Implement a retry wrapper for LLM API calls that uses jittered exponential backoff. Test it by simulating a provider that returns 429 (rate limit) on the first two attempts and succeeds on the third. Verify that the delays follow the expected backoff pattern and that the total delay stays within bounds.

Answer Sketch

Use the retry_with_budget pattern from Code Fragment 64.3.1b. Create a mock LLM client that raises RateLimitError for the first two calls, then returns a valid response. Assert that the function succeeds on the third attempt, that the delay between attempts roughly doubles (accounting for jitter), and that the total elapsed time is between 2.1s and 4.5s (1s + ~2s with jitter). Also test the budget gate by setting max_cost_usd=0.001 and verifying that retries stop when the budget is exceeded.

Exercise 64.3.2: Cost-Per-Execution Dashboard Project

Instrument a Temporal workflow with OpenTelemetry to track cost per execution. Export traces and custom metrics (token count, provider cost, retry count) to a Grafana dashboard. Create alerts for executions that exceed 3x the median cost and for workflows that stall for more than 5 minutes without a heartbeat.

Answer Sketch

Use the temporalio.contrib.opentelemetry interceptor to generate spans for each workflow and activity.

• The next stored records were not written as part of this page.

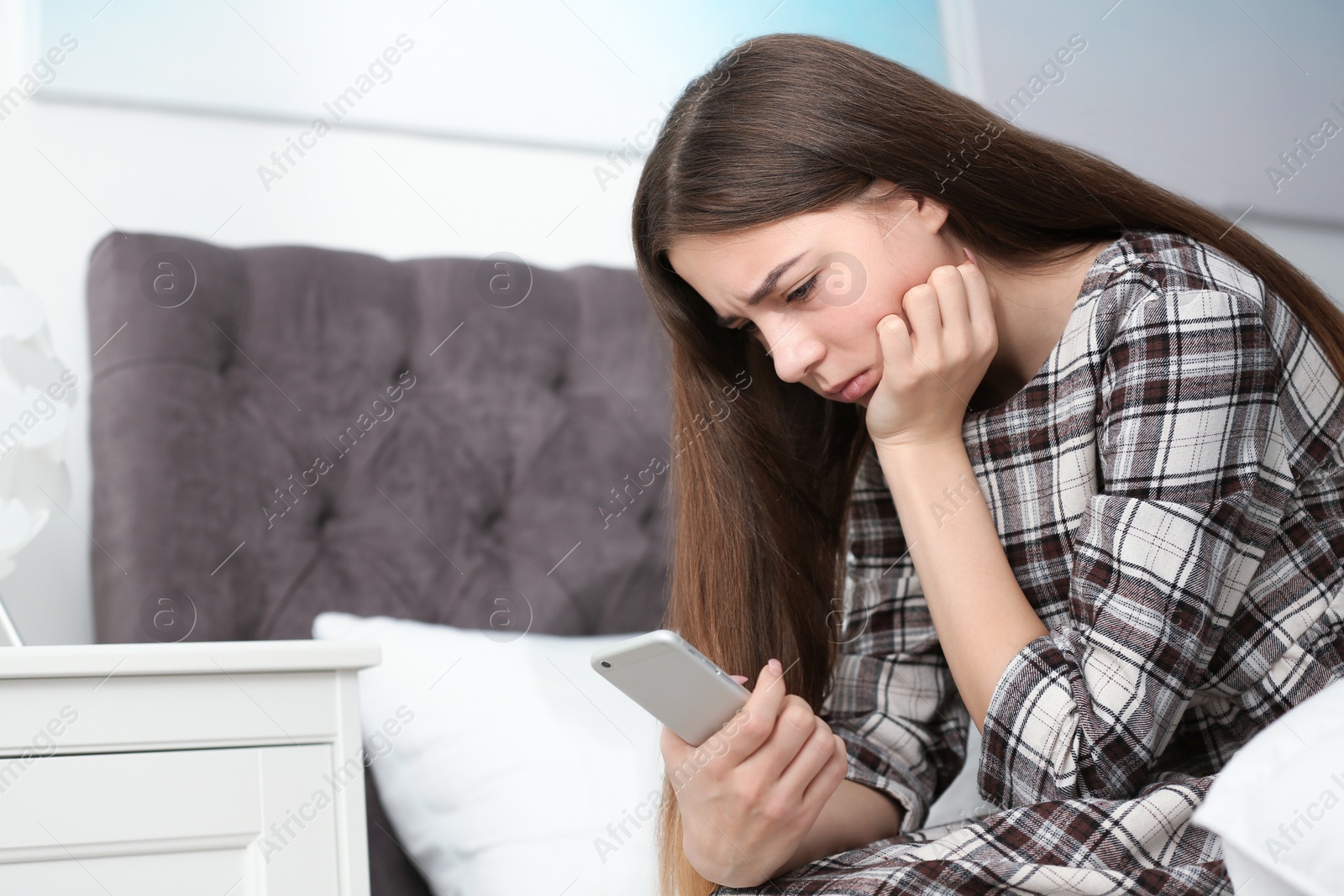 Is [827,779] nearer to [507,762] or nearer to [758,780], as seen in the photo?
[758,780]

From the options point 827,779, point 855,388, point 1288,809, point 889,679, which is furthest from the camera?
point 889,679

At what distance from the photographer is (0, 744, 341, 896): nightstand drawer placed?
70 centimetres

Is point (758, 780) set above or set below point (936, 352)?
below

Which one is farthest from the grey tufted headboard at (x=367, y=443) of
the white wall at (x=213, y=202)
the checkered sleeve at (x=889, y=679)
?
the checkered sleeve at (x=889, y=679)

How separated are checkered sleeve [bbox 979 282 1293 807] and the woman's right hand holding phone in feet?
0.45

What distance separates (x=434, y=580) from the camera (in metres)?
1.39

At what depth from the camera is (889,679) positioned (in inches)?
41.8

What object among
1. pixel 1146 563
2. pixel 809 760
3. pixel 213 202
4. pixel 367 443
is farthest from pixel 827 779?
pixel 213 202

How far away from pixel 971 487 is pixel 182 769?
0.63 m

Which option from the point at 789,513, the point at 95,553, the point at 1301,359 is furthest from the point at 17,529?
the point at 1301,359

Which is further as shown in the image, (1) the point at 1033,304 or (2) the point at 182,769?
(1) the point at 1033,304

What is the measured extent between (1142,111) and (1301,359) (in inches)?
43.8

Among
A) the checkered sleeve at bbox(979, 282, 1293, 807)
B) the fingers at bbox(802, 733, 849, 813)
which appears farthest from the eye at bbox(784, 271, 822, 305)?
the fingers at bbox(802, 733, 849, 813)

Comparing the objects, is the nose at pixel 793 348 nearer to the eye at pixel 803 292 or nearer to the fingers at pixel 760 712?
the eye at pixel 803 292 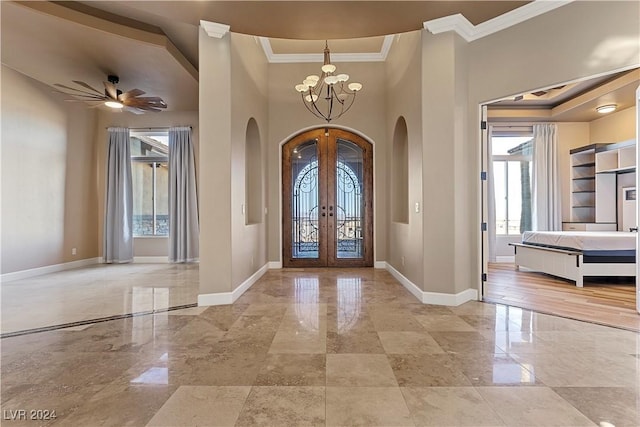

Add custom span attributes for llm.token_count, llm.cost_usd, and llm.retry_count in each activity. Export to Grafana via the OpenTelemetry Collector. Create a Grafana panel showing cost distribution as a histogram, with a threshold line at 3x median. Use Grafana alerting rules on the temporal_activity_schedule_to_start_latency metric (which indicates task queue backlog) and on missing heartbeats (use a "no data" alert on the heartbeat metric with a 5-minute window).

What's Next

With the operational patterns in hand, Section 64.4 closes the chapter with framework selection guidance: a decision matrix, migration paths between engines, and the workflow-as-code versus DAG-as-config debate that surfaces every time a team picks between Temporal-style and Airflow-style tooling.

Further Reading
Garcia-Molina, H., and K. Salem (1987). "Sagas." ACM SIGMOD Record 16, no. 3: 249-259. The foundational paper that introduced the saga pattern for long-running transactions with compensating actions, the academic ancestor of the compensation logic in this section.
Nygard, M. (2018). Release It! Design and Deploy Production-Ready Software. 2nd ed. Pragmatic Bookshelf. The canonical reference for production-system failure patterns (circuit breakers, bulkheads, timeouts) that the retry and stall-detection strategies in this section build on.
Stripe (2024). "Idempotent Requests." Stripe API Documentation. The industry-canonical implementation of the idempotency-key pattern, including header naming, cache duration, and conflict semantics.